Et là, le ton change.

Pas besoin d’en faire trop. Une phrase suffit : ambiance tendue. Humeur massacrante. Refus de répondre. « Prochaine question. » Puis cette autre réplique : « Il y a-tu des bonnes questions? Posez-moi des bonnes questions. »

Il ne nomme pas directement le clash. Il ne dit pas « c’était moi ». Il reste au « on ». Il garde une distance. Mais tout le monde comprend.

Parce que tout le monde a vu.

Et c’est là que son texte devient une réponse.

Pas une réponse émotive. Une réponse journalistique. Une réponse construite. Il oppose deux réalités. Deux styles. Deux façons de diriger. Deux façons de parler.

D’un côté, un entraîneur qui explique, qui structure, qui connecte.

De l’autre, un entraîneur qui ferme, qui coupe, qui impose.

Sans jamais écrire noir sur blanc que c’est un problème, il le montre.

Et pendant ce temps-là, à l’extérieur de la salle, c’est une toute autre histoire.

Sur les réseaux sociaux, l’opinion publique penche clairement du côté de Martin St-Louis. Les réactions sont brutales. Les journalistes se font ramasser. On les accuse de poser toujours les mêmes questions. D’être redondants. D’essayer de provoquer. D’avoir « rien à dire ».

Certains vont même plus loin : « Quand on n’a rien à dire, on se tait. » D’autres défendent ouvertement St-Louis, en disant qu’ils auraient « pété les plombs bien avant lui ». On banalise la scène. On la justifie. On la normalise.

Et c’est là que le décalage devient frappant.

Parce que pendant que le public applaudit le coach pour avoir remis les journalistes à leur place, le principal intéressé, lui, écrit noir sur blanc que l’ambiance est tendue et que le ton est devenu problématique.

Deux réalités.

Deux perceptions.

Et au milieu de tout ça, une question qui dérange : est-ce que Martin St-Louis est en train de gagner la bataille de l’opinion publique… tout en perdant tranquillement celle du respect médiatique?

Parce que oui, les journalistes posent souvent les mêmes questions. Oui, le calendrier est lourd. Oui, les points de presse se ressemblent. Mais ça fait partie du travail. Ça fait partie du contrat. Et surtout, ça ne justifie jamais le mépris.

Ce que Lefrançois fait dans son texte, c’est qu’il refuse de tomber dans le piège. Il ne répond pas avec arrogance. Il ne répond pas avec colère. Il répond avec du contenu. Avec un contraste. Avec une démonstration.
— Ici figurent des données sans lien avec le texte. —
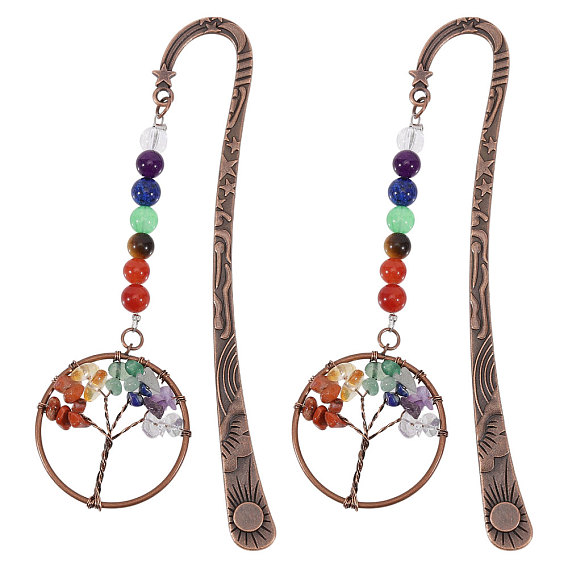 2 1 marcapáginas de aleación estilo tibetano con gancho, Marcapáginas redondo con cuentas de piedras preciosas y dije del árbol de la vida con fragmentos de piedras preciosas naturales y sintéticas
Il montre ce que ça peut être, une communication saine.

Et il laisse le lecteur faire le lien.

C’est ça, la force de sa réplique.

Et c’est peut-être ça qui dérange le plus.

Parce qu’au final, pendant que les réseaux sociaux crient victoire pour Martin St-Louis, le texte de Guillaume Lefrançois, lui, reste. Il s’installe. Il circule. Et il pose une réalité beaucoup plus difficile à balayer du revers de la main : il y a quelque chose qui ne tourne pas rond dans la façon dont le dialogue se fait actuellement à Montréal.

Et ce n’est pas en ridiculisant les questions qu’on va régler ça.